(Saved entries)
□ □ □ □ □ □ □

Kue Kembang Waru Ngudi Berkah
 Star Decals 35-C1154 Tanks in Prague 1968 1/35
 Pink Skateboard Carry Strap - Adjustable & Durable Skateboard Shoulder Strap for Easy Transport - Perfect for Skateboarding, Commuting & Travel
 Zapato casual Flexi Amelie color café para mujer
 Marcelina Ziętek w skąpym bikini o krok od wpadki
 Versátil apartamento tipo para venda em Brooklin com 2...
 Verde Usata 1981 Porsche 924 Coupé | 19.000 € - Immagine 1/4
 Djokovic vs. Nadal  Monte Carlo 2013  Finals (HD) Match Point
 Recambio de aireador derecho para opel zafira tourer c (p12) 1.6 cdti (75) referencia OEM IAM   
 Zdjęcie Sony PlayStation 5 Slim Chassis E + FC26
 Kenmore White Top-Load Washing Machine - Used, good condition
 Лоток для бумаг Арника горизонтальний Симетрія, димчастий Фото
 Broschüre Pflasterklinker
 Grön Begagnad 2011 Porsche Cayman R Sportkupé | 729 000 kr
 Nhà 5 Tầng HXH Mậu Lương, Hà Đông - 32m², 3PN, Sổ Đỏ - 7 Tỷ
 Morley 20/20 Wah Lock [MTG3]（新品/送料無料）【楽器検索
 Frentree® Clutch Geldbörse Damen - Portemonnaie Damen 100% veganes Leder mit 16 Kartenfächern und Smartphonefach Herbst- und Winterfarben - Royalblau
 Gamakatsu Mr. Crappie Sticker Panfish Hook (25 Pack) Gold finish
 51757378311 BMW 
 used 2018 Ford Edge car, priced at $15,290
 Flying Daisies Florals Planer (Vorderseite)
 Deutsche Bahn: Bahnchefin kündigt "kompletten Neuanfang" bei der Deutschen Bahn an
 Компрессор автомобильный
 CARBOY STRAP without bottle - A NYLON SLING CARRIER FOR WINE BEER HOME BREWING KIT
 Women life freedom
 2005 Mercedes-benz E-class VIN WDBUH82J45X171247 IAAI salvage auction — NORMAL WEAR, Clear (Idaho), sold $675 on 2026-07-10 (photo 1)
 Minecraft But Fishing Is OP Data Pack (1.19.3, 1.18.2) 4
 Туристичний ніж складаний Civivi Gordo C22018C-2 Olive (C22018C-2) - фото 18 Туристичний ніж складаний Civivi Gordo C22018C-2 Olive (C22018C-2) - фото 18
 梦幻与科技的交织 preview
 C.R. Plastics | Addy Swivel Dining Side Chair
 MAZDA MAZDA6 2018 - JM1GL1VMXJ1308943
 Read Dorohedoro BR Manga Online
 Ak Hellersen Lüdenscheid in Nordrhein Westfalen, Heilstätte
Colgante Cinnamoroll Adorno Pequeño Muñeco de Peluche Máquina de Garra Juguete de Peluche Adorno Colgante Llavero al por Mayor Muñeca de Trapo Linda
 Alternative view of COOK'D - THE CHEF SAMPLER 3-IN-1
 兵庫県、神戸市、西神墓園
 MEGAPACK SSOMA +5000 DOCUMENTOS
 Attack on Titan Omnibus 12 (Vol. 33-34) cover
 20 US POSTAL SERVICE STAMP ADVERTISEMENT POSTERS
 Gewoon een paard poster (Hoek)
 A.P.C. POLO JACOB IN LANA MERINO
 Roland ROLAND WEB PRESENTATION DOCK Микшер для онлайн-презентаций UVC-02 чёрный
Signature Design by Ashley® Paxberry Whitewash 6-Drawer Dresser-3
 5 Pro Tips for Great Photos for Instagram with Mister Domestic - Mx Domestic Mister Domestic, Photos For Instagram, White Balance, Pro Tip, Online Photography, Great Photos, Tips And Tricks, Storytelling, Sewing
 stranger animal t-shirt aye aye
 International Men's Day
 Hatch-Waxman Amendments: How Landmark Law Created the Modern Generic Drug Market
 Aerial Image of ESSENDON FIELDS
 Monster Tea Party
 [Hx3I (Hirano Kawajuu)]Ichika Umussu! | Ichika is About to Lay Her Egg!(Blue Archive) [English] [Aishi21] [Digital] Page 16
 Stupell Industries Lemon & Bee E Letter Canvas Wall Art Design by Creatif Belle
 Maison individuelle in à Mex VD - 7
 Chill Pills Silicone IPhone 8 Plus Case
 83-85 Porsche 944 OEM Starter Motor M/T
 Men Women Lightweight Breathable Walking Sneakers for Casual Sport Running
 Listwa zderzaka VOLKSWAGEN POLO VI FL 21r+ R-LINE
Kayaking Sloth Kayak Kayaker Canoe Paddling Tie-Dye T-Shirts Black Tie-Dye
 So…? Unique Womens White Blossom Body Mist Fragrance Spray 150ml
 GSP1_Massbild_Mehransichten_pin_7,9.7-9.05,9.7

□ □ □ □ □ □ □

To do
Reproduce the entries above in full, precisely as written.

Exercise solution
Kue Kembang Waru Ngudi Berkah
 Star Decals 35-C1154 Tanks in Prague 1968 1/35
 Pink Skateboard Carry Strap - Adjustable & Durable Skateboard Shoulder Strap for Easy Transport - Perfect for Skateboarding, Commuting & Travel
 Zapato casual Flexi Amelie color café para mujer
 Marcelina Ziętek w skąpym bikini o krok od wpadki
 Versátil apartamento tipo para venda em Brooklin com 2...
 Verde Usata 1981 Porsche 924 Coupé | 19.000 € - Immagine 1/4
 Djokovic vs. Nadal  Monte Carlo 2013  Finals (HD) Match Point
 Recambio de aireador derecho para opel zafira tourer c (p12) 1.6 cdti (75) referencia OEM IAM   
 Zdjęcie Sony PlayStation 5 Slim Chassis E + FC26
 Kenmore White Top-Load Washing Machine - Used, good condition
 Лоток для бумаг Арника горизонтальний Симетрія, димчастий Фото
 Broschüre Pflasterklinker
 Grön Begagnad 2011 Porsche Cayman R Sportkupé | 729 000 kr
 Nhà 5 Tầng HXH Mậu Lương, Hà Đông - 32m², 3PN, Sổ Đỏ - 7 Tỷ
 Morley 20/20 Wah Lock [MTG3]（新品/送料無料）【楽器検索
 Frentree® Clutch Geldbörse Damen - Portemonnaie Damen 100% veganes Leder mit 16 Kartenfächern und Smartphonefach Herbst- und Winterfarben - Royalblau
 Gamakatsu Mr. Crappie Sticker Panfish Hook (25 Pack) Gold finish
 51757378311 BMW 
 used 2018 Ford Edge car, priced at $15,290
 Flying Daisies Florals Planer (Vorderseite)
 Deutsche Bahn: Bahnchefin kündigt "kompletten Neuanfang" bei der Deutschen Bahn an
 Компрессор автомобильный
 CARBOY STRAP without bottle - A NYLON SLING CARRIER FOR WINE BEER HOME BREWING KIT
 Women life freedom
 2005 Mercedes-benz E-class VIN WDBUH82J45X171247 IAAI salvage auction — NORMAL WEAR, Clear (Idaho), sold $675 on 2026-07-10 (photo 1)
 Minecraft But Fishing Is OP Data Pack (1.19.3, 1.18.2) 4
 Туристичний ніж складаний Civivi Gordo C22018C-2 Olive (C22018C-2) - фото 18 Туристичний ніж складаний Civivi Gordo C22018C-2 Olive (C22018C-2) - фото 18
 梦幻与科技的交织 preview
 C.R. Plastics | Addy Swivel Dining Side Chair
 MAZDA MAZDA6 2018 - JM1GL1VMXJ1308943
 Read Dorohedoro BR Manga Online
 Ak Hellersen Lüdenscheid in Nordrhein Westfalen, Heilstätte
Colgante Cinnamoroll Adorno Pequeño Muñeco de Peluche Máquina de Garra Juguete de Peluche Adorno Colgante Llavero al por Mayor Muñeca de Trapo Linda
 Alternative view of COOK'D - THE CHEF SAMPLER 3-IN-1
 兵庫県、神戸市、西神墓園
 MEGAPACK SSOMA +5000 DOCUMENTOS
 Attack on Titan Omnibus 12 (Vol. 33-34) cover
 20 US POSTAL SERVICE STAMP ADVERTISEMENT POSTERS
 Gewoon een paard poster (Hoek)
 A.P.C. POLO JACOB IN LANA MERINO
 Roland ROLAND WEB PRESENTATION DOCK Микшер для онлайн-презентаций UVC-02 чёрный
Signature Design by Ashley® Paxberry Whitewash 6-Drawer Dresser-3
 5 Pro Tips for Great Photos for Instagram with Mister Domestic - Mx Domestic Mister Domestic, Photos For Instagram, White Balance, Pro Tip, Online Photography, Great Photos, Tips And Tricks, Storytelling, Sewing
 stranger animal t-shirt aye aye
 International Men's Day
 Hatch-Waxman Amendments: How Landmark Law Created the Modern Generic Drug Market
 Aerial Image of ESSENDON FIELDS
 Monster Tea Party
 [Hx3I (Hirano Kawajuu)]Ichika Umussu! | Ichika is About to Lay Her Egg!(Blue Archive) [English] [Aishi21] [Digital] Page 16
 Stupell Industries Lemon & Bee E Letter Canvas Wall Art Design by Creatif Belle
 Maison individuelle in à Mex VD - 7
 Chill Pills Silicone IPhone 8 Plus Case
 83-85 Porsche 944 OEM Starter Motor M/T
 Men Women Lightweight Breathable Walking Sneakers for Casual Sport Running
 Listwa zderzaka VOLKSWAGEN POLO VI FL 21r+ R-LINE
Kayaking Sloth Kayak Kayaker Canoe Paddling Tie-Dye T-Shirts Black Tie-Dye
 So…? Unique Womens White Blossom Body Mist Fragrance Spray 150ml
 GSP1_Massbild_Mehransichten_pin_7,9.7-9.05,9.7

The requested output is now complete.